Keywords: large intestine, hindgut, genitourinary tract
The identification of stem cells and their derivative lineages in epithelial organs such as the bladder and prostate glands can shed light on mechanisms that underlie a wide range of genitourinary diseases, including congenital defects and cancer. The glandular epithelium of the adult male prostate contains two principal cell types: luminal/secretory cells that produce seminal fluid and basal cells located at the interface of luminal cells and the basement membrane. A third cell type, neuroendocrine cells, is rare and of uncertain function (1). The multilayered epithelium of the bladder (urothelium) consists of a luminal layer of umbrella cells involved in urothelial permeability, overlying layers of intermediate and basal cells (2).
Cellular hierarchies in development and maintenance of the prostate epithelium are relevant to the origins of cancer and have been debated for decades; the relationship between basal and secretory cells remains controversial. Ex vivo studies reveal that subsets of mouse basal cells isolated from adult prostate glands are multipotent and can self-renew in vitro and in prostate reconstitution assays (3, 4). Similarly, a subset of adult human prostate basal cells is able to reconstitute prostatic glands when engrafted with mouse urogenital mesenchyme under the renal capsule of murine hosts (5). However, recent in vivo lineage studies in the adult prostate gave conflicting results regarding basal cells’ ability to give rise to luminal cells (6–9). Knowledge about urothelial cell lineages is also uncertain and controversial (2, 10).
The gene encoding the tumor protein p63 (p63) is a member of the p53 family and, like other family members, contains two different promoters that generate two classes of p63 proteins, the transactivating (TA) p63 and the NH2-terminal truncated (ΔN) p63. TAp63 contains an NH2-terminal transactivation domain that is absent in ΔNp63. Both TAp63 and ΔNp63 can be alternatively spliced at the 3′ terminus to produce α, β, and γ isoforms (11). ∆Np63 isoforms are selectively expressed at high levels in basal cell compartments of stratified and glandular epithelia, including in the bladder and prostate (12–14).
p63 plays an important role in embryogenesis. Heterozygous p63 mutations underlie various human syndromes of ectodermal dysplasia, orofacial clefting, and limb malformation (15), and p63 KO mice show defects in limb, craniofacial, and epithelial development. These mice lack all stratified epithelia and their derivatives (i.e., mammary, lachrymal, and salivary glands), die at birth from dehydration, and have markedly abnormal prostate and bladder epithelia (12, 13, 16, 17). Specific KO mice for the TA and the ΔNp63 isoforms reveal that these anomalies result from ΔNp63 absence (18, 19). Phenotypes in p63 KO or mutant mice result, among other reasons, from apparent defects in stem and progenitors cells’ capacity to proliferate or survive (19–24).
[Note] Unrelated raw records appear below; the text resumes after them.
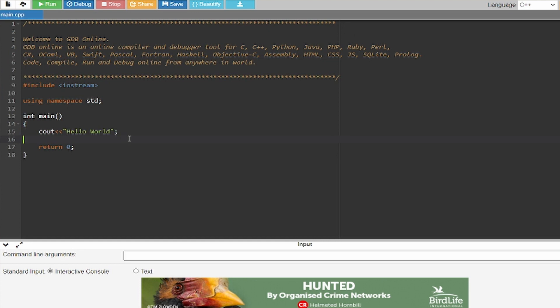Hello guys, welcome back to the studio. In this video I'm going to show you how you can use switch to find the area of a square. So what I'm going to do is I'm going to create an integer side.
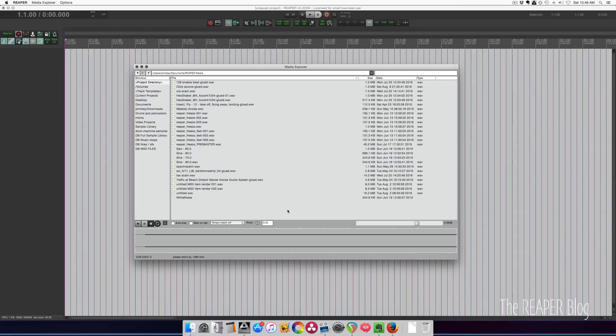Hey guys, welcome to another ReaperBlog tutorial. Today we're gonna look at the Media Explorer. I'll give you a basic overview of how you use the Media Explorer.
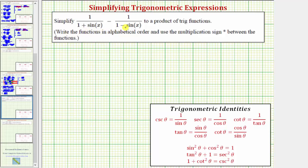We want to simplify the trig expression to the product of trig functions. Notice how here we have a difference of two fractions. In order to add fractions, we must obtain a common denominator. The first fraction has a denominator of the quantity one plus sine x, and the second fraction has a denominator of the quantity one minus sine x. Because these denominators don't share any common factors, the least common denominator is going to be the product of the two denominators.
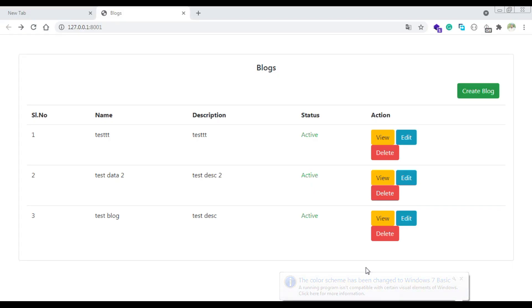Hi guys, I'm going to talk about the Cred application. If you want to talk about the Cred application, you can leave it in the comments.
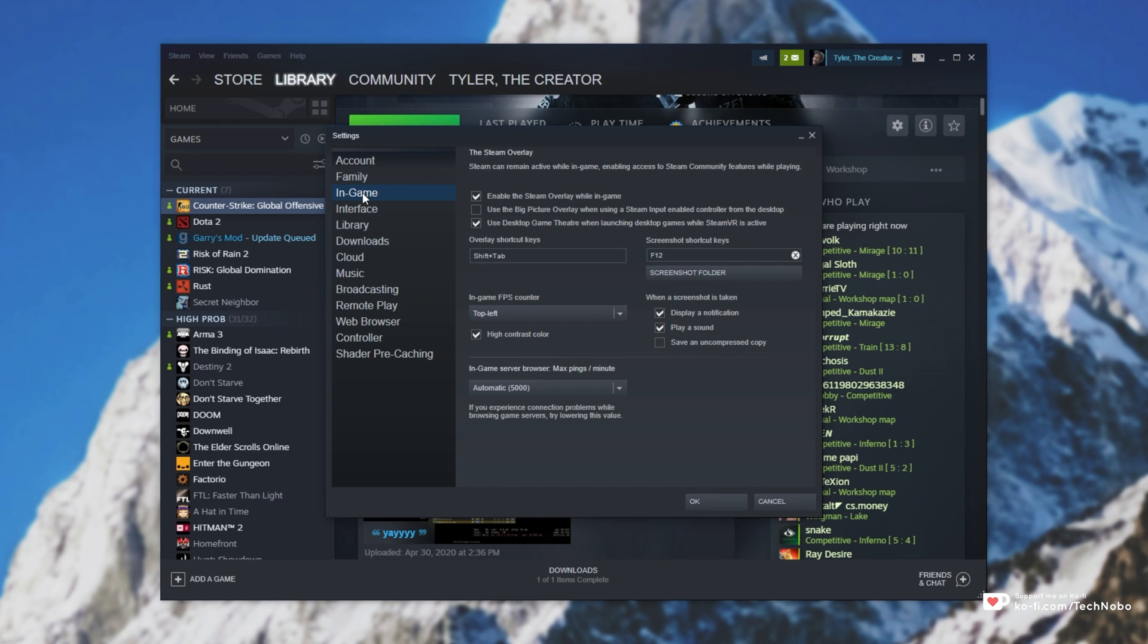Then inside of settings, head to the in-game tab and over here you have the options. So we can disable it or enable it with this checkbox over here. And we can set the hotkey over here, which by default is shift tab.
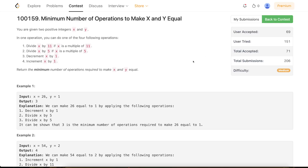Hello everyone, welcome back. In this video we will be discussing the third problem of today's bi-weekly contest: minimum number of operations to make x and y equal. The problem is a bit easier than the usual third problem on LeetCode, but this is a good problem if you are new to DP.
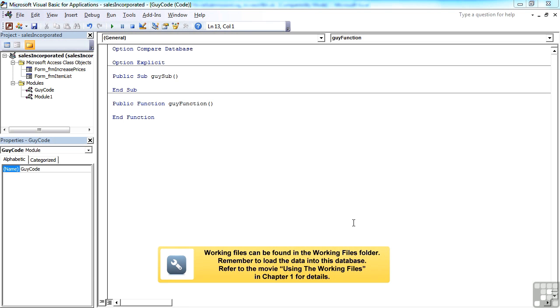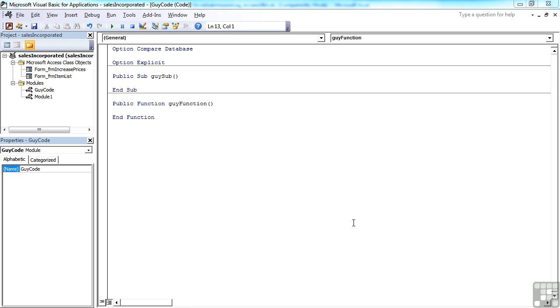So every procedure you create, whether that's a subroutine or a function, should have some comments within there, so that either somebody else reading your code or even yourself a few weeks, a few months, a few years later when you revisit code can actually understand what you were trying to achieve.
One-day-old p63-deficient mice show defects in prostate bud formation, suggesting that p63-expressing cells may represent developing prostatic stem cells. Moreover, p63−/− blastocyst complementation experiments suggested that p63-positive basal cells are required for development of p63-negative prostate luminal cells. By contrast, transplants of p63−/− urogenital sinus (UGS) revealed that luminal cells can form and regenerate in the absence of basal cells, hinting that the two cell types might represent independent cell lineages during development (12, 16, 25). Similarly, p63-deficient mouse urothelium contains umbrella-like cells in the absence of p63-positive basal/intermediate cells, suggesting that the cells are not related hierarchically (13, 16, 17). Because epithelial cell lineages in the developing bladder and prostate glands need to be further clarified, we generated knock-in mice expressing Cre recombinase (Cre) under control of the endogenous ΔNp63 promoter and performed a rigorous genetic lineage tracing analysis of ΔNp63-expressing cells in the developing caudal endoderm that gives rise to the prostate, bladder, and colorectal epithelia.
Results
Selective Cre-Mediated Recombination in ∆Np63-Expressing Cells.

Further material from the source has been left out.